Key features of the scheme

  • The scheme will provide employees (and those in other working arrangements) with up to 80% of their previous income (capped at $130,911) for up to six months following loss of employment due to redundancy or loss of capacity to work due to a health condition or disability
  • Where an employee is made redundant, their employer will need to give four weeks’ notice and make a ‘bridging payment’ of 80% of the employee’s wages during the notice period. Payments under the scheme will begin after the end of the notice period.
  • Employees will be able to earn up to 20% of their previous income, without abatement of payments made under the scheme
  • The costs of the scheme will be funded by a 2.77% levy split equally between the employee and their employer (i.e. approximately 1.39% each).
  •  The levy will apply on income up to $130,911 and for employees will be collected through the PAYE system.  The employer levy will be collected by ACC which will also manage the scheme. The scheme would operate two funds to meets claims: one for loss of employment claims and the other for health and disability claims. 
  • To be eligible, employees will need to contribute for at least six months in the previous 18 months preceding a claim.
  • Claimants under the scheme will need to seek new employment, re-train or undertake rehabilitation and remain in New Zealand. 
  • Payments made under the scheme will not be subject to asset testing or reduced because of partner income. Payments will however be treated as a taxable income and may affect calculation of Government support that is income tested, such as Working for Families.

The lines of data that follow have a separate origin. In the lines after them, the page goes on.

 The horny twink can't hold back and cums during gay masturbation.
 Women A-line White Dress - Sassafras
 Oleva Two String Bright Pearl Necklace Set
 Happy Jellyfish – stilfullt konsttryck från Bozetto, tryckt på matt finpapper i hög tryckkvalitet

Feedback on the scheme is requested by 26 April. If a decision is made to proceed, the Government is proposing to introduce legislation in 2022, for the scheme to commence operating in 2023.

The case for reform and costs versus benefits

The scheme is based on the concept of “social insurance”, which a number of other OECD countries have adopted.

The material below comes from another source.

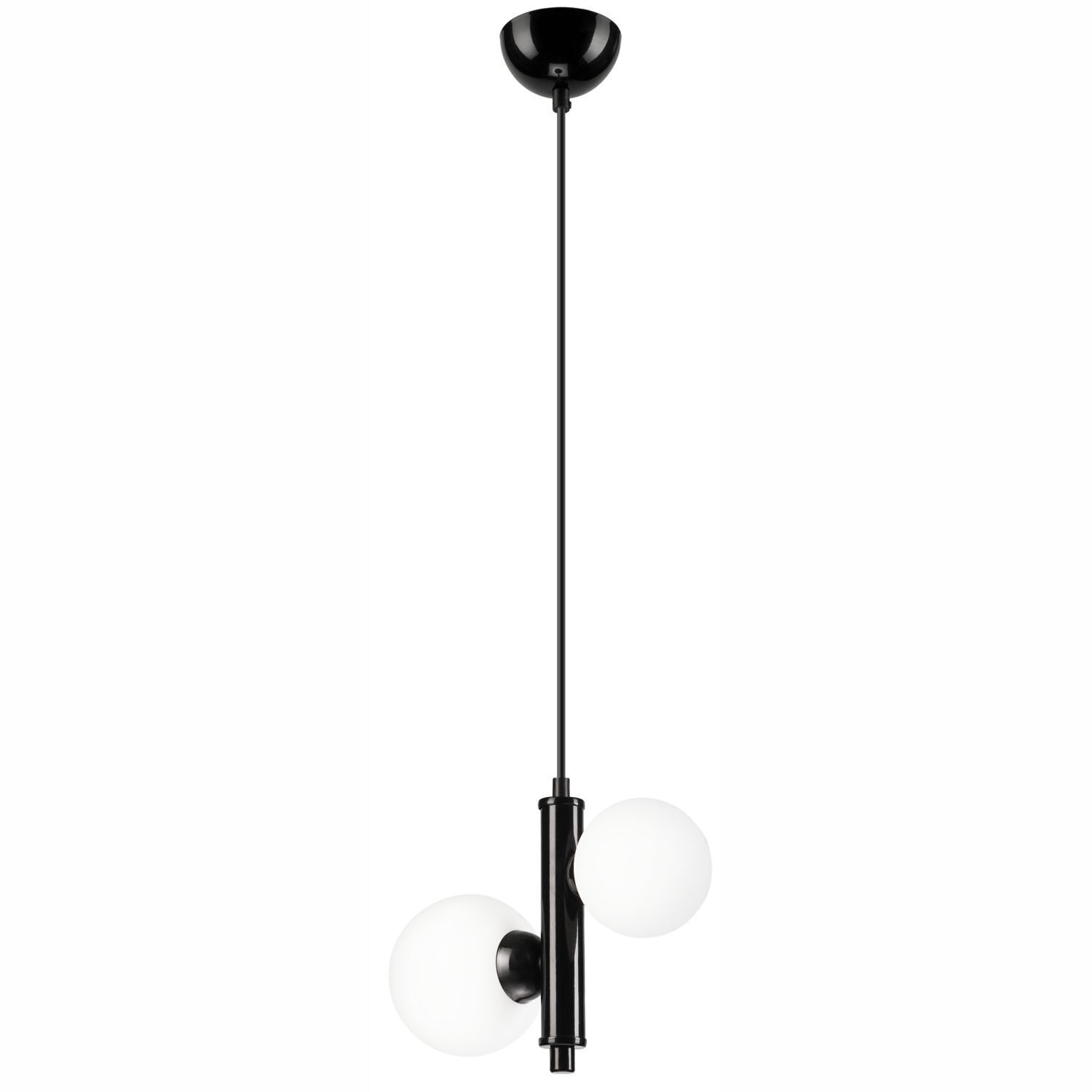 Lampe à suspendre métal verre noir blanc 2x E27 Abat-jour sphérique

The discussion document notes that:

  • An estimated 115,000 people each year risk sudden falls in income, unemployment and long-term wage losses while around 20,000 people stop work due to health conditions or disability. The wage losses alone are estimated at over $15 billion annually.
  • New Zealand currently has limited support for displaced workers and those with health conditions or disabilities. For example, the welfare system provides only modest financial support as it aims to help meet essential living costs and alleviate poverty, and is not tied to previous income, so workers can face significant income drops following a job loss.
  • Income insurance would better “smooth incomes”, so people do not face abrupt falls in income and the associated financial and mental stresses due to loss of work. It could act as an “automatic stabiliser” for the New Zealand economy during an economic downturn by supporting incomes, expenditure, and Government tax revenue. Businesses can be expected to benefit, overall, from greater opportunities for displaced workers to retrain and upskill as well as sustaining consumer demand in recessions.
  • While there would be additional costs to employers and employees (estimated to be $3.54 billion annually from the levies), an income insurance scheme was preferred to other alternatives by the Working Group. 

Devil in the detail

The full discussion document is over 170 pages. Both it and a summary are available here.

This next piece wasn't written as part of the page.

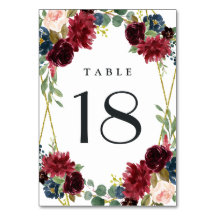 Burgundy Floral Gold Geometric Greenery Table Card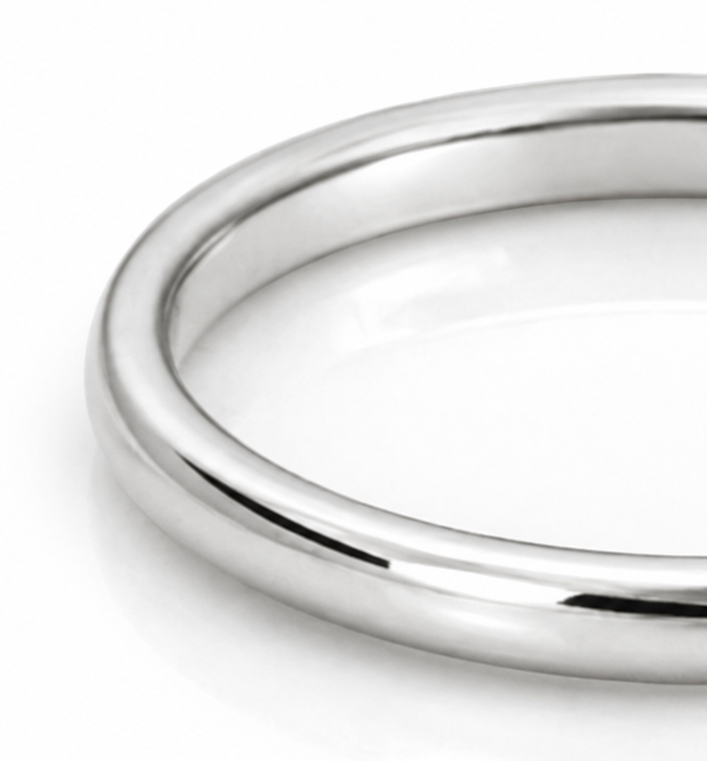 9ct White Gold 4mm Court Men’s Ring – Classic Polished Band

For a reform of this magnitude (the discussion document notes that it would be the largest of its kind since the introduction of accident compensation in the 1970s), there are many matters of detail which will need to be carefully considered.

Views on the feasibility of the scheme, and support (or otherwise) for it, may well depend on some of these design features.

We strongly encourage clients to engage in the upcoming consultation process.